TASK STATEMENT: Repeat the data exactly. Pictures stay out.
===== COLLECTED MATERIAL =====
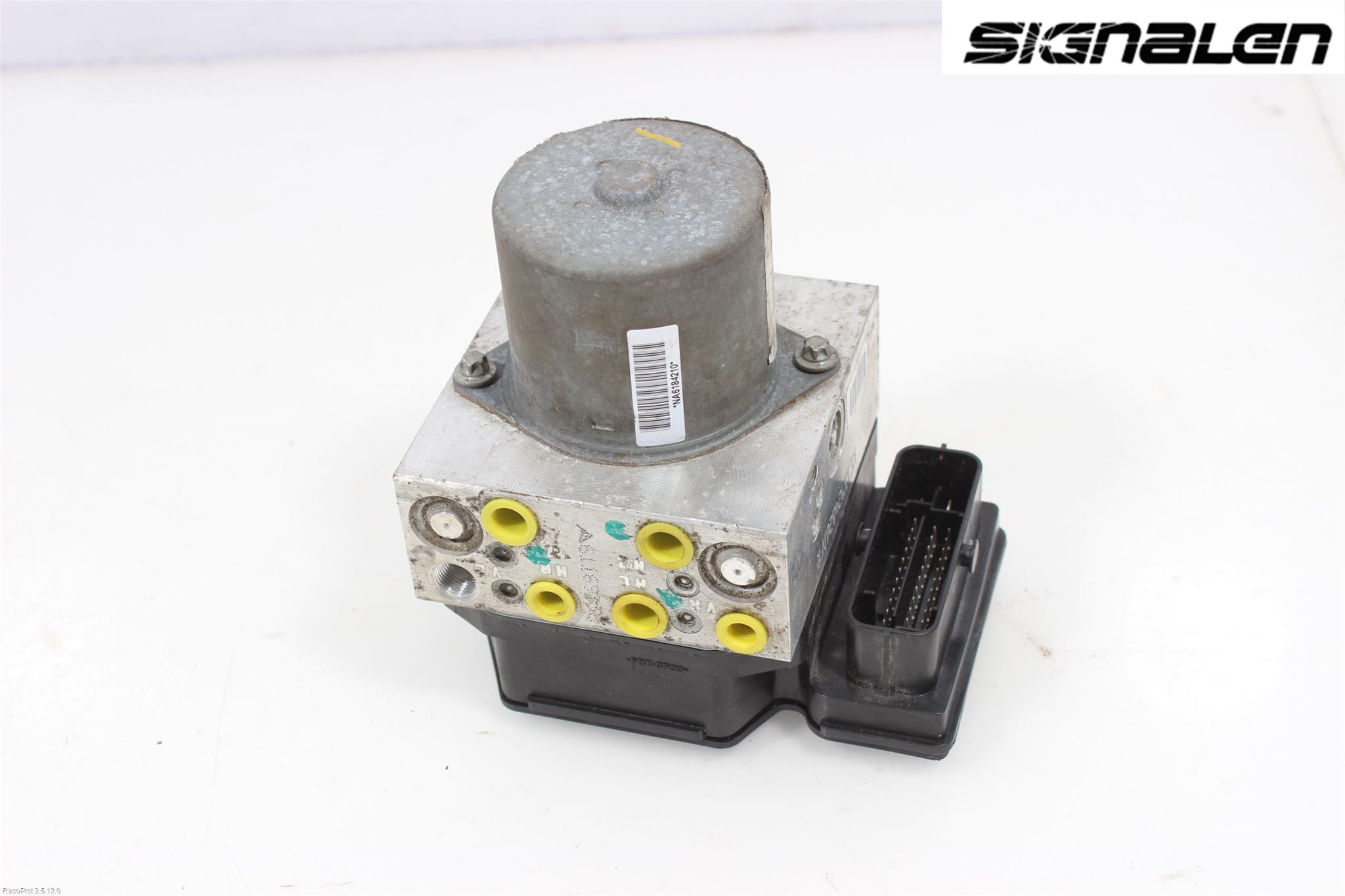 Seat ALHAMBRA 11- Abs Hydraulikkaggregat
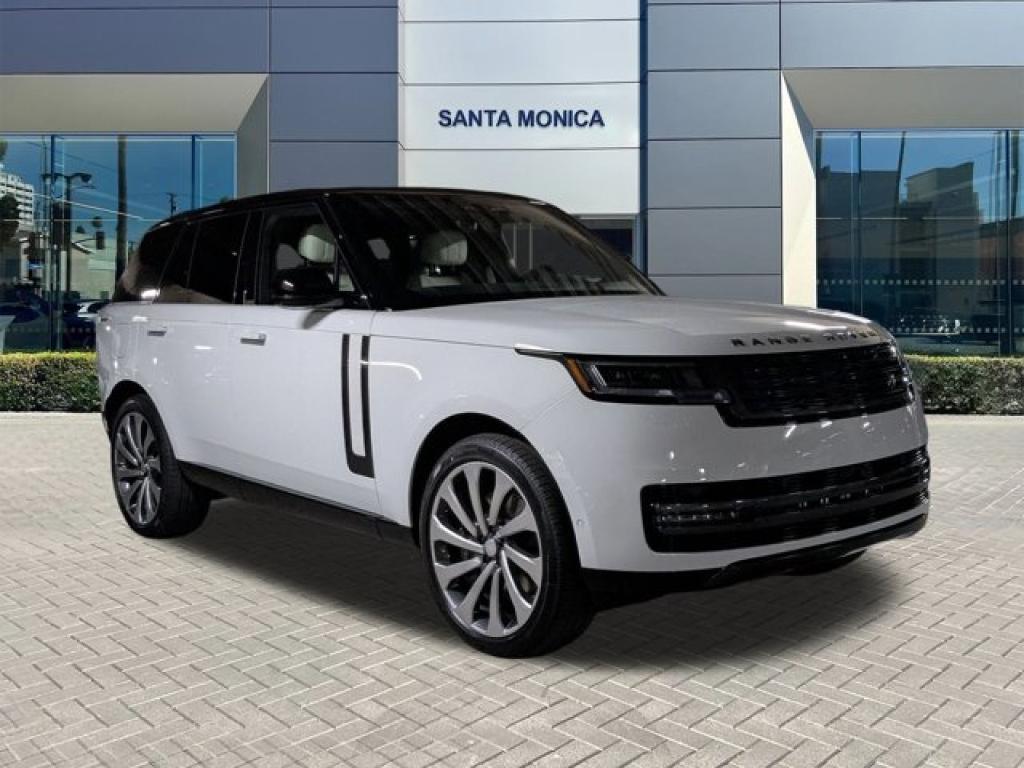 new 2025 Land Rover Range Rover car, priced at $151,650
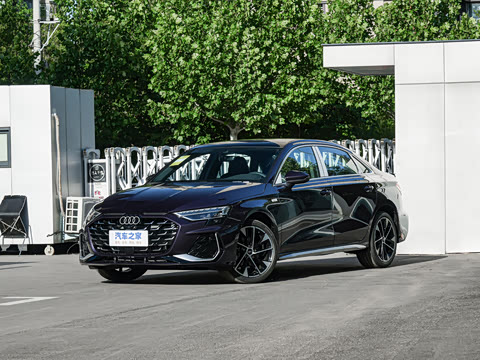 2026�� A3L Limousine 35TFSI �ɳ�������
=====
WRITTEN SOLUTION:
 Seat ALHAMBRA 11- Abs Hydraulikkaggregat
 new 2025 Land Rover Range Rover car, priced at $151,650
 2026�� A3L Limousine 35TFSI �ɳ�������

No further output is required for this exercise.